Shitstorm : le cataclysme des relations presse sur le Web

Si l’on parlait de climat sur les réseaux sociaux, les managers responsables des réseaux sociaux seraient de véritables météorologues : dans un tel espace, une brise peut vite se transformer en ouragan. C’est pourquoi il convient de surveiller continuellement les commentaires des utilisateurs sur les réseaux sociaux. Si un vent de mécontentement commence à se soulever, il convient d’agir au plus vite.

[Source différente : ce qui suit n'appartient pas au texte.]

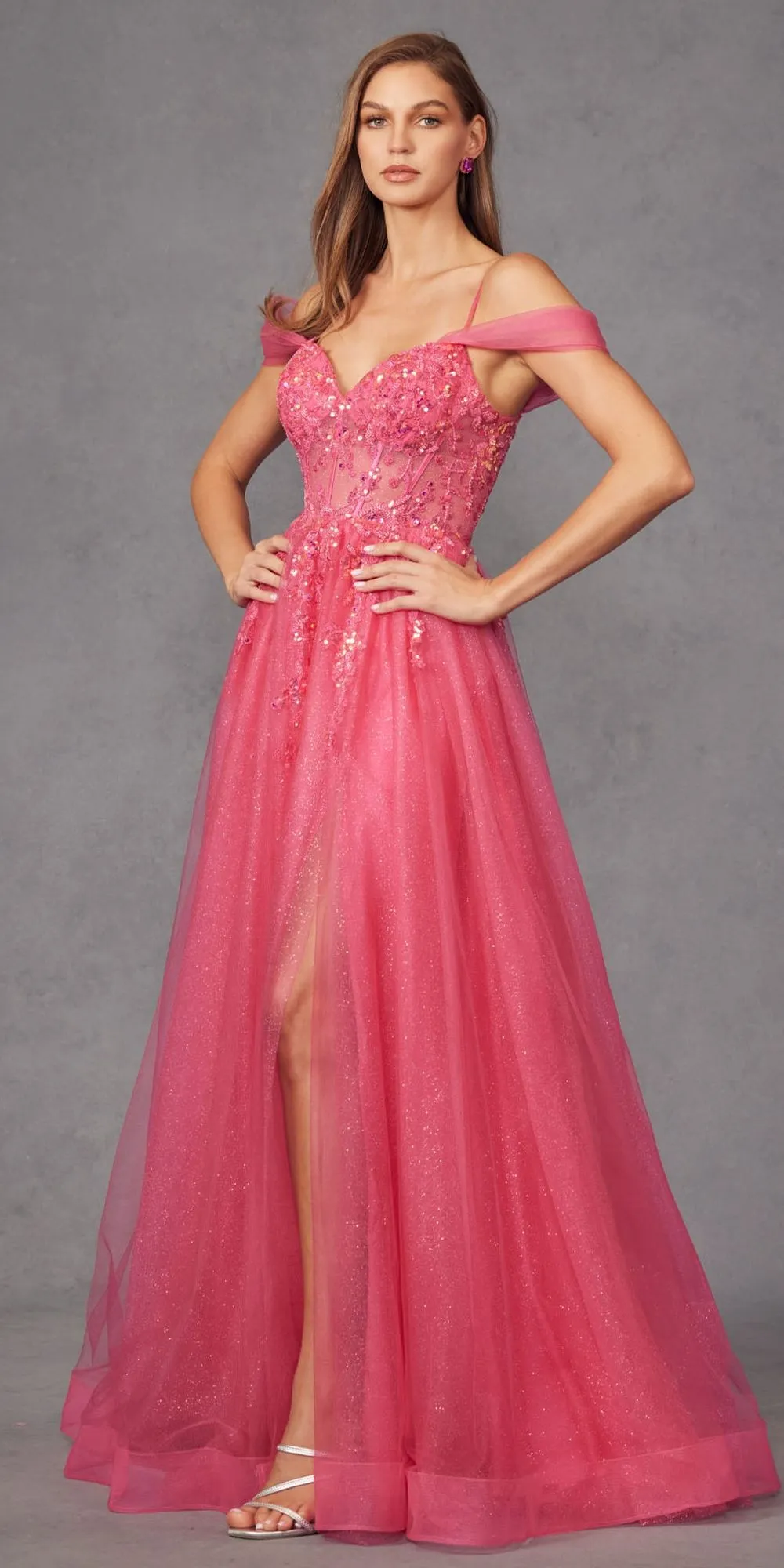 Juliet JT2466A Long Cold Shoulder Sweetheart Corset Bodice A-Line Gown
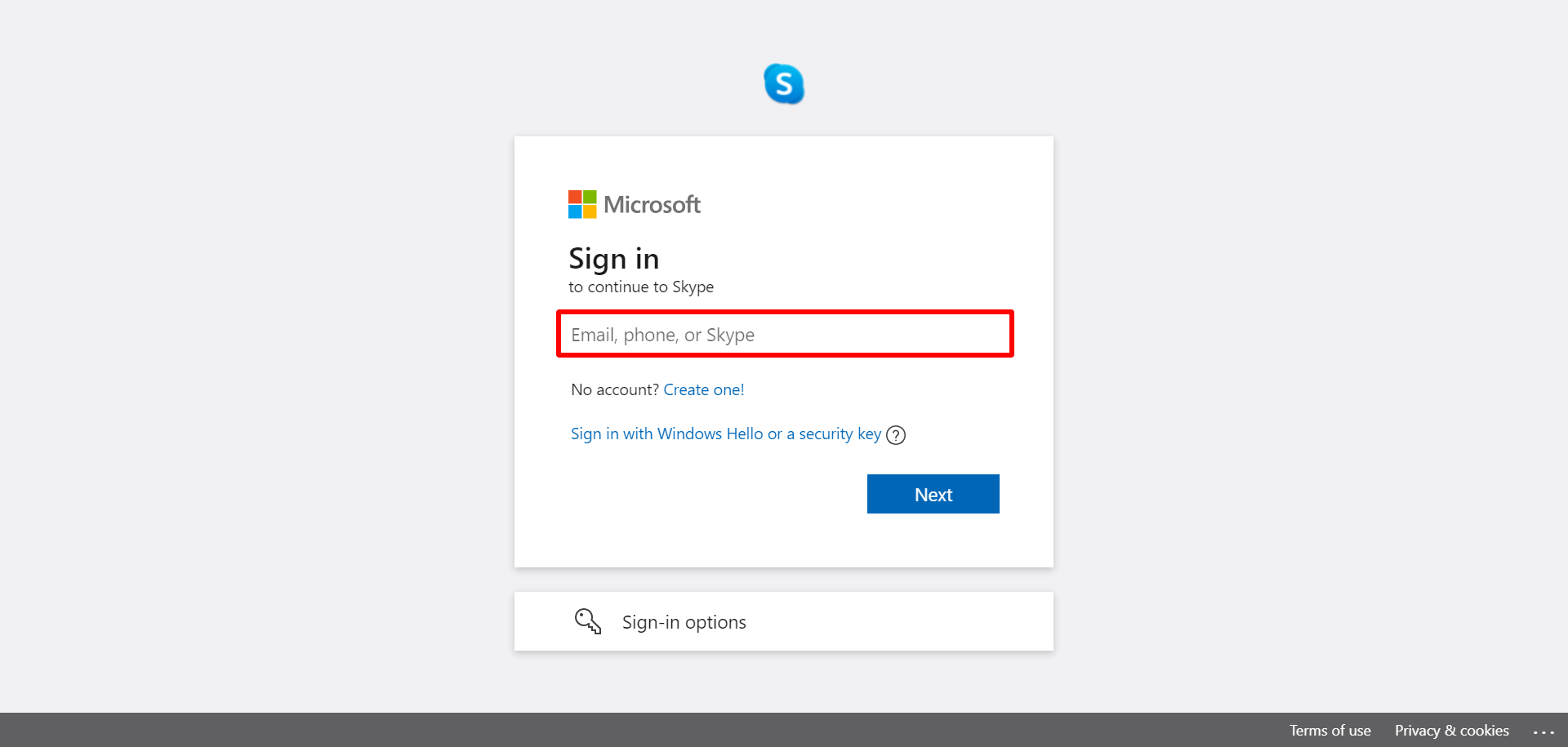 Faça login na conta do Skype através do navegador da web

Les nombreux shitstorms qui ont déferlé sur les réseaux sociaux ces dernières années en témoignent.

Les entreprises sont régulièrement surprises par ces cataclysmes sur le Web. Les médias ont créé le néologisme « shitstorm » pour désigner ce phénomène qui peut fortement porter à l’atteinte de l’image de marque de l’entreprise. Si la colère et le désarroi des utilisateurs déferlent sur le Web, les répercussions négatives peuvent s’étendre sur plusieurs années.

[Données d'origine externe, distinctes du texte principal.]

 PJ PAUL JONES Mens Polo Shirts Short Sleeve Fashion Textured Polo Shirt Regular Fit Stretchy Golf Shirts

Une gestion de crise conséquente et rapide permet de se défendre contre un shitstorm. Nous vous dévoilons les principaux aspects de ce management de crise et exposons des exemples de shitstorms qui ont eu lieu sur les réseaux sociaux ainsi que les moyens d’y remédier.

Qu’est-ce-qu’un shitstorm ?

Un shitstorm désigne un déchainement de critiques virulentes envers une personne, un groupe de personnes ou encore une entreprise sur les commentaires de sites Web, blogs ou réseaux sociaux. Allant des vagues d’indignation publiques à une tempête de colère, ce phénomène en ligne prend souvent un effet boule de neige qu’il est difficile d’arrêter.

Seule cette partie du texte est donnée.